Exercise materials:

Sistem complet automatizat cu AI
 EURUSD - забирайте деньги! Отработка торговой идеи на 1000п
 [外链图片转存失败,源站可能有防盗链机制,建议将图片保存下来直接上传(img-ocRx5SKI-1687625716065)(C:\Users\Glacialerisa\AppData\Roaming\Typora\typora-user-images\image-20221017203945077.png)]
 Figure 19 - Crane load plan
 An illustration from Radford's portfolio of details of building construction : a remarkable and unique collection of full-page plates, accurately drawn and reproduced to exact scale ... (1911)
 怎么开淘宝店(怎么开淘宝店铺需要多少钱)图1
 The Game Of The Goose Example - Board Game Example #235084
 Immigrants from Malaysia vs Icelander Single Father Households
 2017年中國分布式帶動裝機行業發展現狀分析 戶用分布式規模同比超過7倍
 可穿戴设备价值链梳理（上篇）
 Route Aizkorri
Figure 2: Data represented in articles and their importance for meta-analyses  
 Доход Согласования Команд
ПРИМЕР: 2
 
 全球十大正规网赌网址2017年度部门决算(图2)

Your goal:
Starting with the line that contains "Figure 2: Data", return each line through the last one of the data above, exactly as written and nothing more.

Written reply:
Figure 2: Data represented in articles and their importance for meta-analyses  
 Доход Согласования Команд
ПРИМЕР: 2
 
 全球十大正规网赌网址2017年度部门决算(图2)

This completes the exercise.